Checking out the details of the JSON file, acquired by adding the .json extension to the end of subreddit url

In [2]:
url = 'https://www.reddit.com/r/science/.json'

In [3]:
#create my own unique header so that I do not get a status error
headers = {'User-agent': 'Jingle Bells 2.0'}

In [4]:
res = requests.get(url, headers=headers)

In [5]:
#200 means we are good to go. #400 means its a problem on the user's end
#500 means there is a problem on reddit's end
res.status_code

200

In [6]:
#turn the output of the requests.get into a json format 
the_json = res.json()

In [7]:
#check out the keys of the json
sorted(the_json.keys())

['data', 'kind']

In [8]:
#check out the nested keys within 'data'
sorted(the_json['data'].keys())

['after', 'before', 'children', 'dist', 'modhash']

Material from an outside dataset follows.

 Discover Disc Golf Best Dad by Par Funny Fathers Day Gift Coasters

Begin with an empty lists for the posts and an empty dictionary for the parameters.  Run the for loop once to get the first 100 posts.

In [9]:
posts = []
after = None
for i in range(4):
    if after == None:
        params = {}
    else:
        params = {'after': after}
    #start with the science posts
    url = 'https://www.reddit.com/r/science/.json'
    res = requests.get(url, params = params, headers = headers)
    if res.status_code == 200:
        the_json = res.json()
        posts.extend(the_json['data']['children'])
        after = the_json['data']['after']
    
    #in case there is a status error we will break the for loop and see
    #what kind of error it is
    else:
        print(res.status_code)
        break
    time.sleep(1)
        
        

In [10]:
#make sure there are posts in the list
len(posts)

100

Once the list has begun populating, run this for loop so that it doesn't write over what is already in the list.  I can run this cell multiple times to continue gathering posts.

In [22]:
for i in range(4):
    if after == None:
        params = {}
    else:
        params = {'after': after}
    url = 'https://www.reddit.com/r/science/.json'
    res = requests.get(url, params=params, headers = headers)
    if res.status_code == 200:
        the_json = res.json()
        posts.extend(the_json['data']['children'])
        after = the_json['data']['after']
    else:
        print(res.status_code)
        break
    time.sleep(1)

These two lines of code will show how many total posts are in the list and how many unique (non duplicated) posts there are.  Once the first line does not match the second line, we know we've gotten all the unique posts we can for that day.

In [24]:
display(len(posts))
display(len(set([p['data']['name'] for p in posts])))

787

688

# Create a dataframe with the populated posts

In [25]:
import numpy as np

In [26]:
#put all of the posts into a list
title_lst = [p['data']['title'] for p in posts]
#create a dictionary to eventually make into a dataframe
data_dict = {
    'posts':title_lst,
    #this labels all the posts as a 1 for science.
    #all the comedy posts will have a zero under the science column
    'science': np.full(len(title_lst), 1)
}

post_df = pd.DataFrame.from_dict(data_dict, orient='columns')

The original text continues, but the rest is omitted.